Police identified the slain officer as William “Billy” Evans, an 18-year veteran who was a member of the department's first responders unit.
President Joe Biden said in a statement that he and his wife were heartbroken to learn of the attack and expressed condolences to Evans' family. He directed flags at the White House to be lowered to half-staff.
Two law enforcement officials told The Associated Press that investigators initially believed the suspect stabbed one of the officers, but it was later unclear whether the knife actually made contact, in part because vehicle struck the officers with such force. The officials were not authorised to publicly discuss the investigation and spoke on condition of anonymity.
Authorities said there wasn't an ongoing threat, though the Capitol was put on lockdown for a time as a precaution. There was also no immediate connection apparent between Friday's crash and the January 6 riot.

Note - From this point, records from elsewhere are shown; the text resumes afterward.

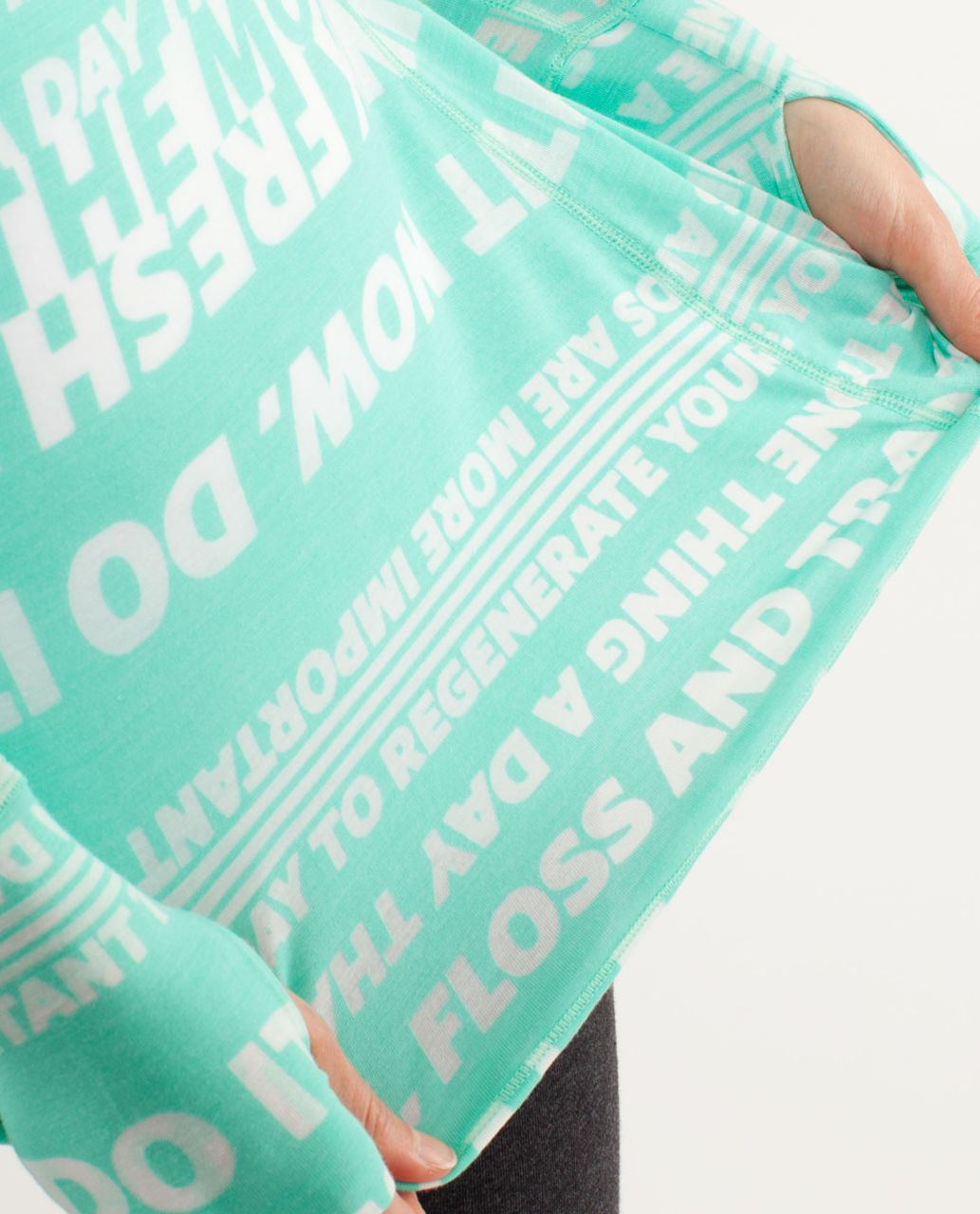 Lululemon Discover Manifesto Long Sleeve Tee - Menthol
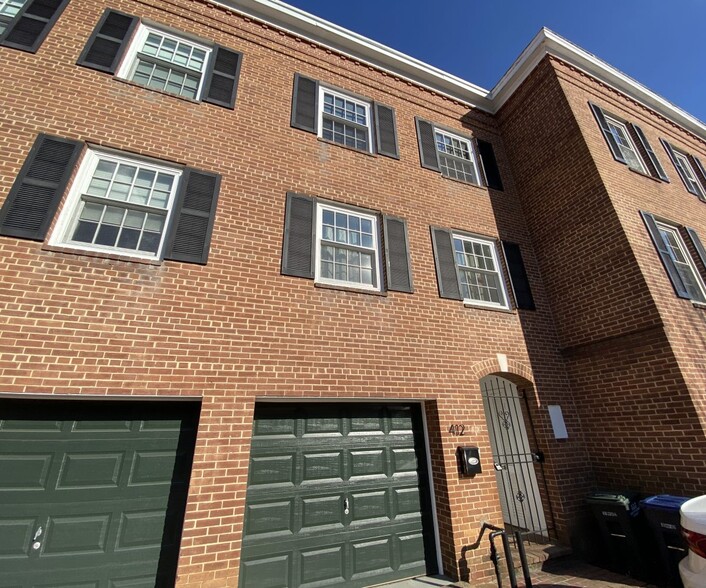 Building Photo - 412 4th St SE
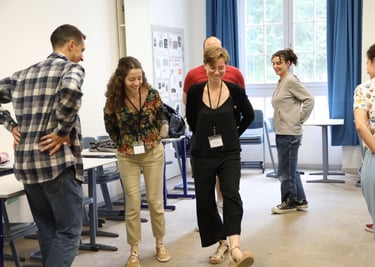 collaborateurs souriant lors d'un atelier d'improvisation théâtrale sur l'imprévu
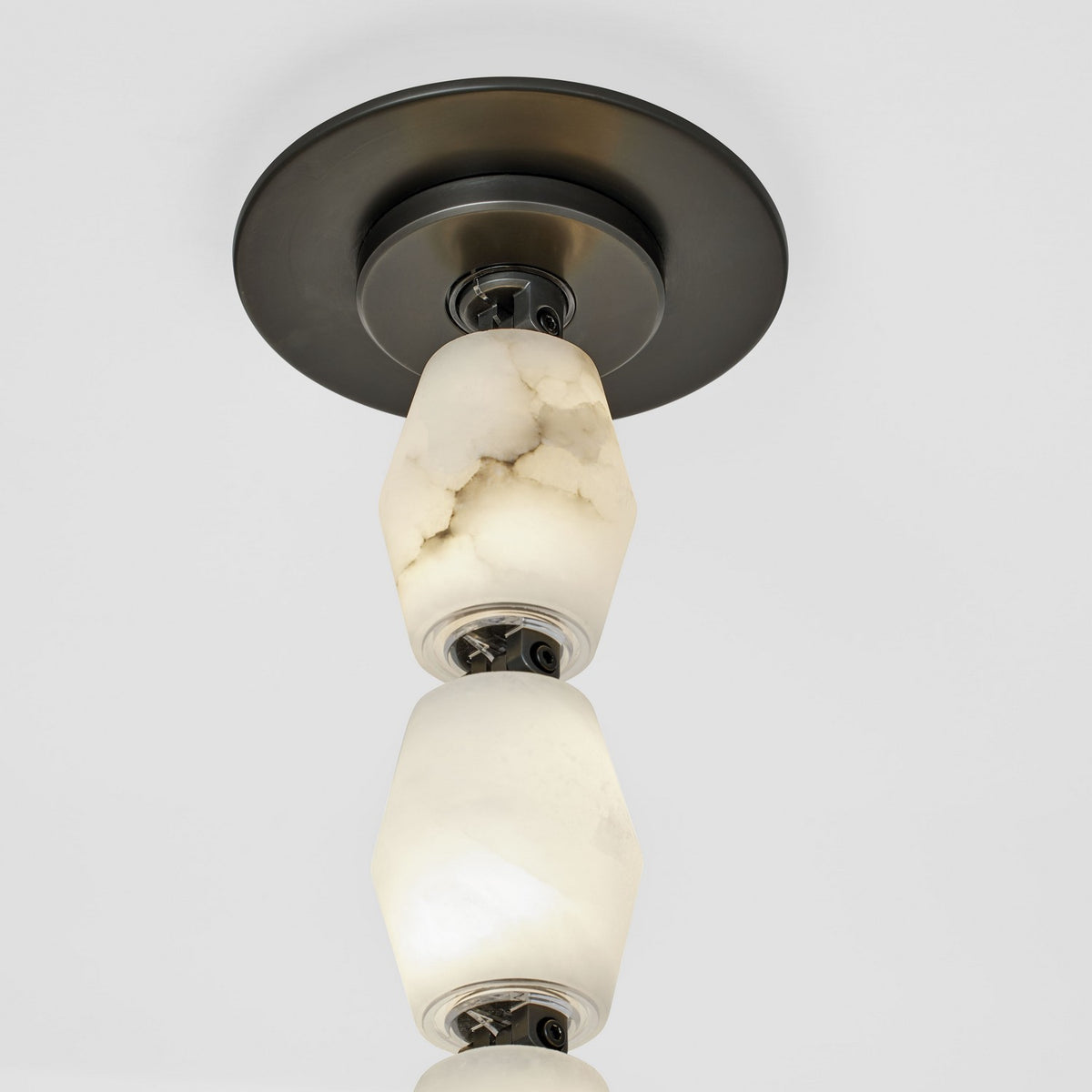 Collier Alabaster 28 Sconce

Law enforcement officials identified the suspect as 25-year-old Noah Green. Investigators were digging into his background and examining whether he had any mental health history as they tried to discern a motive. They were working to obtain warrants to access his online accounts.

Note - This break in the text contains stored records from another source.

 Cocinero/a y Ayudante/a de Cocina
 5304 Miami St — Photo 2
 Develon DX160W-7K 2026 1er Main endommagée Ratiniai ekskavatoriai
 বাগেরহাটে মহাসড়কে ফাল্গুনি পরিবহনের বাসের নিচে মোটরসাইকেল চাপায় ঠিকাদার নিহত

Pittman said the suspect did not appear to have been on the police's radar. But the attack underscored that the building and campus — and the officers charged with protecting them — remain potential targets for violence.
The crash and shooting happened at a security checkpoint near the Capitol typically used by senators and staff on weekdays, though most were away from the building for the current recess. The attack occurred about 100 yards (91 metres) from the entrance of the building on the Senate side of the Capitol. One witness, the Rev Patrick Mahoney, said he was finishing a Good Friday service nearby when he heard three shots ring out.
The Washington region remains on edge nearly three months after a mob of insurrectionists loyal to former President Donald Trump stormed the Capitol as Congress was voting to certify Biden's presidential win.
Five people died in the January 6 riot, including Capitol Police officer Brian Sicknick, who was among a badly outnumbered force trying to fight off the intruders seeking to overturn the election. Authorities installed a tall perimeter fence around the Capitol and for months restricted traffic along the roads closest to the building, but they had begun pulling back some of the emergency measures. Fencing that prevented vehicular traffic near that area was only recently removed.